Assembly jump instructions only take a destination argument and not a data argument. The branching decision is based on “condition codes,” which are special flags that are set by whatever the most recent arithmetic operation was. In this case, we’ll stick with the Intcode convention. So JIF &restart 0 will jump to position 0 if &restart is nonzero.

Additional instructions??

As we discussed, we want to avoid introducing complex instructions that obscure significant implementation details from the rest of the compiler. However, there are a few areas where simple abstractions can be added without hiding anything important:

See a slightly elaborated version of the prior code sample for examples of our new instructions.

JUMP $continue
HALT // Not executed
LBL  continue
IN   &a // The JUMP instruction lands on the operand of this line of code. 
COPY @saved_input &a // Save a copy of the input in a relative-mode location.
IADD &a 10 // Add 10 to the input in place.
JUMP  &#a // We can't use a label here, because the destination is computed 
          // at runtime.

Up next

Now that we have an IR, we can write some nontrivial programs without going mad, then compile and run them. To do that, though, we’ll need an Intcode runtime and, you know, a compiler. Those programs will be the subject of the next two posts.

  1. Strictly speaking, the source material describes an abstract machine, an unimplemented description of a computing machine. When we later built an Intcode interpreter, that interpreter will be a virtual machine, which is a working simulation in software of an abstract machine. One could also construct a physical machine that implements the IVM. (Any sufficiently motivated and weird-in-a-good-way readers are highly encouraged to do this and tell me about it!) Thus, the abstract machine is a specification for concrete machines, which can be implemented either in software (as virtual machines) or in atoms (as physical machines). For simplicity’s sake and to avoid a namespace collision with AWS, I’ll consistently refer to the IVM for this project. 

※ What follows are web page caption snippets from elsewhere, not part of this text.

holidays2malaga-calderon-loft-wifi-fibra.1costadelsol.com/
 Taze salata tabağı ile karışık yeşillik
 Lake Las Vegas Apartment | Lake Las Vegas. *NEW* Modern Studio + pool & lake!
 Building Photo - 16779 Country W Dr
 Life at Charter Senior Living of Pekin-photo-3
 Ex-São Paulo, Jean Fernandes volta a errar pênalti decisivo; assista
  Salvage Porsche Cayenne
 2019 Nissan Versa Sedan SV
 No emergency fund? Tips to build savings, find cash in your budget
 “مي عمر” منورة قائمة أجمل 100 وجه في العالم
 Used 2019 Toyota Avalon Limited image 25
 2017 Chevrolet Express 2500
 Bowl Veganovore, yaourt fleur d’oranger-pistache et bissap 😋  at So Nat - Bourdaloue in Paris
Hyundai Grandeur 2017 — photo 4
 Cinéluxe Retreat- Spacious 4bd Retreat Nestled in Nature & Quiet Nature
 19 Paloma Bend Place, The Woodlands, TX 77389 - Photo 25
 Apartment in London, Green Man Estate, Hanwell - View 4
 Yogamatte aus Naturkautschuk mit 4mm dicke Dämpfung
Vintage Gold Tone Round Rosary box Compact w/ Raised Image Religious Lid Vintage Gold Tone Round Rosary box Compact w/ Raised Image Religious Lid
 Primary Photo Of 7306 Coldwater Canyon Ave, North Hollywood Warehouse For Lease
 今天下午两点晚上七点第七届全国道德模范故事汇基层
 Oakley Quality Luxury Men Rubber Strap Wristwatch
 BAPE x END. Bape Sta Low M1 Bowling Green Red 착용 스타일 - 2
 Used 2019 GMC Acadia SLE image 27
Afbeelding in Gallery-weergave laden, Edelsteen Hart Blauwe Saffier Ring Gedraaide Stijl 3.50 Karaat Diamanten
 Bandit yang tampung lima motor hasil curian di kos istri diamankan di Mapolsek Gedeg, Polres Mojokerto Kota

  2. See here for a discussion, which includes the following horrifying side note:

    So how many x86 instructions are there if we count distinct iforms as distinct? Turns out, an even 6000. Is that all of them? No. There are some undocumented instructions that XED doesn’t include (in addition to the several formerly undocumented instructions that Intel at some point just decided to make official). If you look at the Intel manuals, you’ll find the curious “UD2”, the defined “Undefined instruction” which is architecturally guaranteed to produce an “invalid opcode” exception. As the name suggests, it’s not the first of its kind. Its older colleague “UD1” half-exists, but not officially so. Since the semantics of UD1 are exactly the same as if it was never defined to begin with. Does a non-instruction that is non-defined and unofficially guaranteed to non-execute exactly as if it had never been in the instruction set to begin with count as an x86 instruction? For that matter, does UD2 itself, the defined undefined instruction, count as an instruction?

  3. The Intcode spec does not require any particular alignment of opcodes and operands, and it would be perfectly legal to jump to a location that looks like an operand based on a simple parsing of the program into lines. But that would also be very confusing, so we won’t be doing it.